How do you differentiate the two?
Formal mentoring is commonly associated with the words organized, proscribed, structured, facilitated and supported. While these words describe many mentoring programs, the term itself actually refers to mentoring that is conducted under the umbrella of an organizational entity. Program parameters are defined and include structural and accountability mechanisms. There are programmatic and relationship expectations, requirements for eligibility and program goals and outcomes that give mentoring its formal feel.

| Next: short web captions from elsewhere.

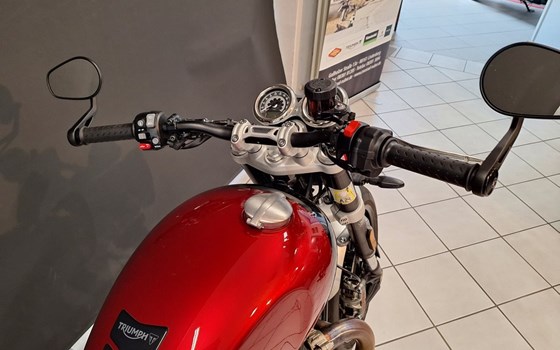 Gebrauchtmotorrad Triumph Speed Twin 1200 - Bild 11
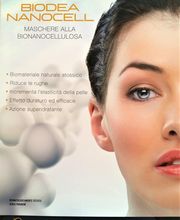 Frau mit Beauty-Maske, Text zu bionanocelluloser Maske und kosmetischen Vorteilen.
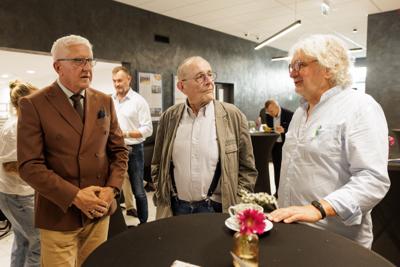 Kongres Gospodarczy to jedno z najważniejszych spotkań świata biznesu, samorządu i nauki w Lubuskiem. To właśnie tu uczestnicy szukają inspiracji, nowych technologii i kierunków rozwoju, skupiając się na kluczowych specjalizacjach regionu: innowacyjnym przemyśle, zielonej gospodarce oraz zdrowiu i jakości życia.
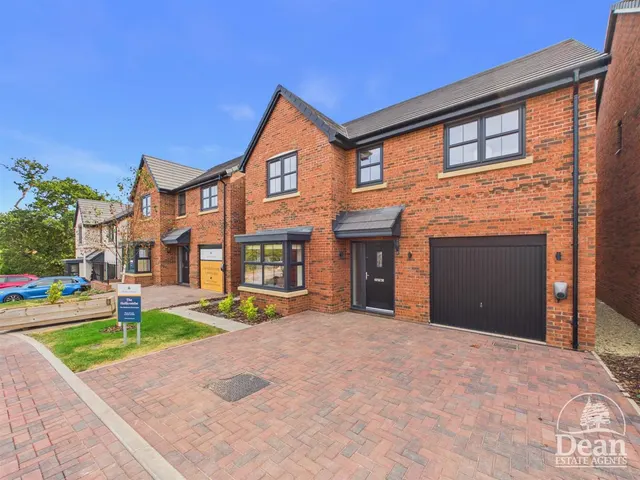 Goldfinch Way, Lydney, photo 1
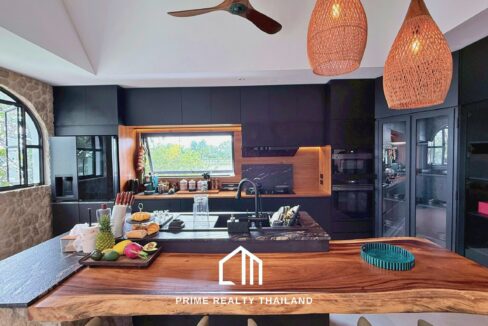 batch_LINE_ALBUM_Black Mountain 47.9 (new photos)_251017_26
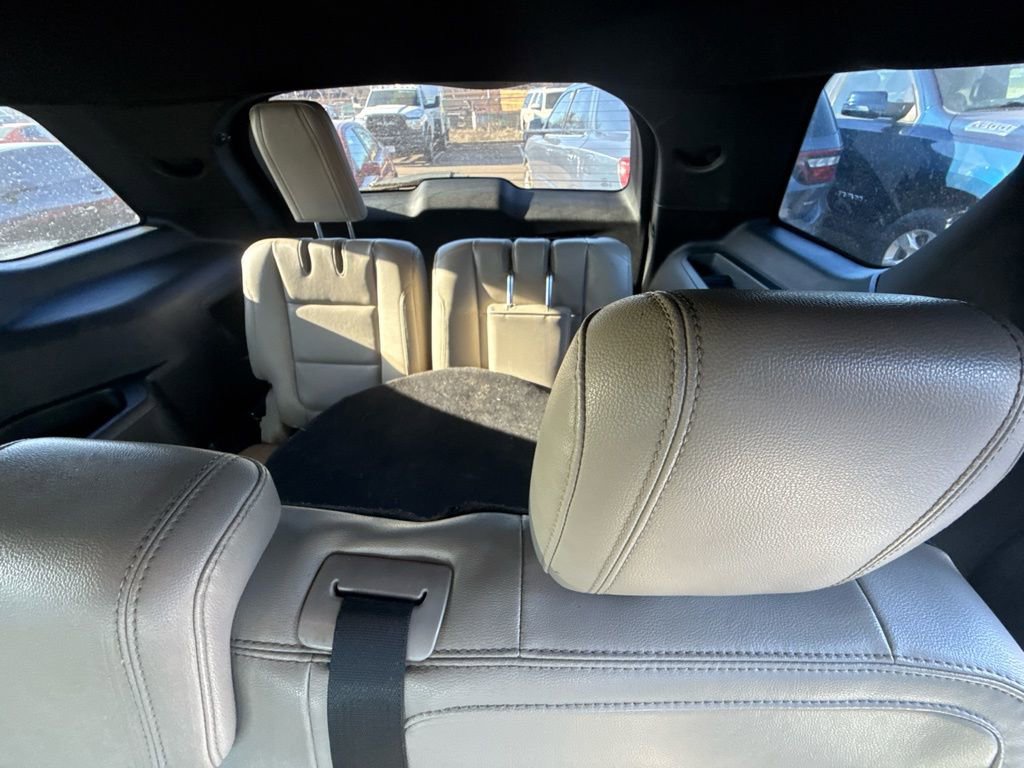 Used 2017 Ford Explorer FWD image 2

Informal mentoring, in contrast, is usually described as unstructured, casual, need-based, and natural. For example, you may have identified someone in whom you see great promise and who could benefit your experience or someone may have approached you and asked you to mentoring them. Informal mentoring relationships can, and often do, run the gamut from casual catch-as-catch-can conversations or situational and information sharing to structured and “formalized” relationships. Each relationship proceeds at its own pace and on its own timetable.
Even in formal mentoring, each relationship structure varies depending on the learning needs and style of the mentoring partners. Once you are inside and working the relationship, it becomes a dance of two or more people coming together in partnership to move learning and development forward. As Huang and Lynch so beautifully capture it, “It is the dance between [] willing and consenting partners, a dance of giving and receiving each other’s gifts.”